How do the different options to apply demands work?

Product(s): WaterGEMS, WaterCAD, HAMMER
Version(s): All Versions
Area: Layout and Data Input


What are the different demand options and how do they work?


When designing a water distribution system, demands are allocated on nodes. A node can be a junction, a customer meter or in some cases, even a tank. A demand represents water requirement at a location and drives the hydraulics of the network. When demands are applied at nodes, they can be either “fixed” or vary over time. If a demand varies over time, the factors by which it would vary are available as multipliers in the pattern. This pattern can be applied to the demand and would be considered at different time steps during an Extended Period Simulation.

This article provides details on the different ways demands and patterns can be applied in a hydraulic model and their usage


The different types of demands available are;

Demand (Base) This is the base demand, which is usually applied at a junction, customer meter, hydrant, tank. This demand is usually your ‘average daily demand’. An average daily demand is the average water requirement for the day at that node.
Unit Demand A unit demand can be a per capita demand based on population, count or area. This value is usually considered as per standards followed and may change from region to region.

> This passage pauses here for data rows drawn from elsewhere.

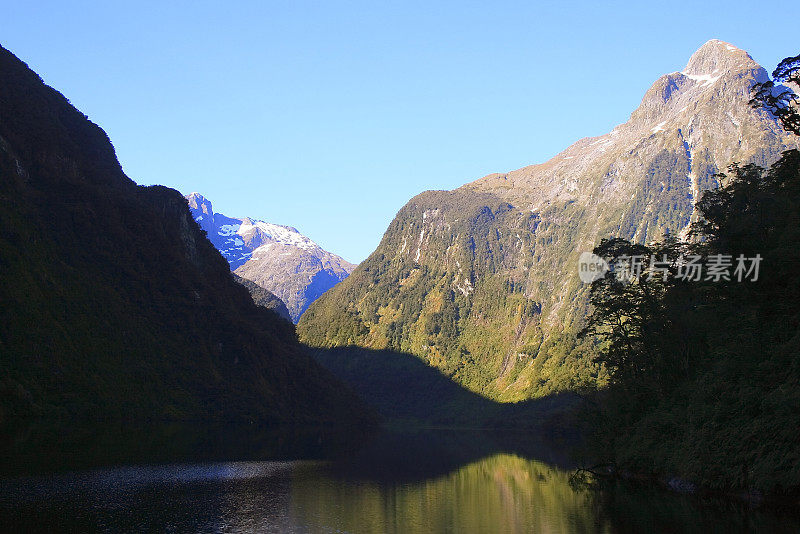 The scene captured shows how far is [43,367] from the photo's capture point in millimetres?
152625

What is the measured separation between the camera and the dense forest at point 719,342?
57.6 m

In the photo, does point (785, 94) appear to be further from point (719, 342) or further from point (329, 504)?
point (329, 504)

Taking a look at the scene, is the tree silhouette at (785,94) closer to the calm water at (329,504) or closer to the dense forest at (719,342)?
the dense forest at (719,342)

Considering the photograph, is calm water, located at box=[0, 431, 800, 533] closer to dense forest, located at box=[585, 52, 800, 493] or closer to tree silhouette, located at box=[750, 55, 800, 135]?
dense forest, located at box=[585, 52, 800, 493]

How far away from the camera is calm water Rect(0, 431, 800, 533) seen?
52906 millimetres

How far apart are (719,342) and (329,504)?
43532 mm

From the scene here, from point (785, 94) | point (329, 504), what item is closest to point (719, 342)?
point (785, 94)

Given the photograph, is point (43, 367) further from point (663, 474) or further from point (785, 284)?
point (785, 284)

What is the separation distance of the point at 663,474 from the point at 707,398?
15235 mm

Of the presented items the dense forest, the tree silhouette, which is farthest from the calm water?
the tree silhouette

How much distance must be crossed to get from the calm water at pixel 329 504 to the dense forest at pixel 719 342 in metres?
4.65

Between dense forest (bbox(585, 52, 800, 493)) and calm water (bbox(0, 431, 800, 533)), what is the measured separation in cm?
465

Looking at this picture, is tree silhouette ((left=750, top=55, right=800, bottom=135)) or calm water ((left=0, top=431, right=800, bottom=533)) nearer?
calm water ((left=0, top=431, right=800, bottom=533))

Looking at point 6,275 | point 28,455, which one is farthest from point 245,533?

In conjunction with these demands, there are patterns that need to be specified to govern how the demands would be applied in the hydraulic model;

Fixed A fixed pattern means that the demand would be constant throughout the simulation.
Pattern If any hydraulic pattern is specified with the demand the same would be applied throughout the simulation.

Within patterns we have hourly, daily and monthly factors. They are elaborated as below;

Hourly Patterns This pattern signifies the hourly variation in demand. Usually the diurnal curve is represented here. The multipliers defined would be multiplied by based demand and the resulting demand would be considered at the corresponding time. Example: If junction J-1 has base demand of 10 L/s and as per the pattern in the above snapshot the multiplier for time 4 hours is 0.5. Hence the resultant demand applied at 4 hours would be 0.5*10 = 5 L/s
Daily Patterns

Daily patterns signify the day to day changes in the demands. Usually, extended period simulations run for a day i.e. 24 hours, but in some cases your simulation time may be more if you want to account for daily changes. In such cases daily factors can be used which would be applied for particular days.

Monthly Patterns

Similar to daily patterns, these are multipliers which are applied for months. Usually these patterns are applied at a reservoir level where there could be seasonal changes in HGL over the year.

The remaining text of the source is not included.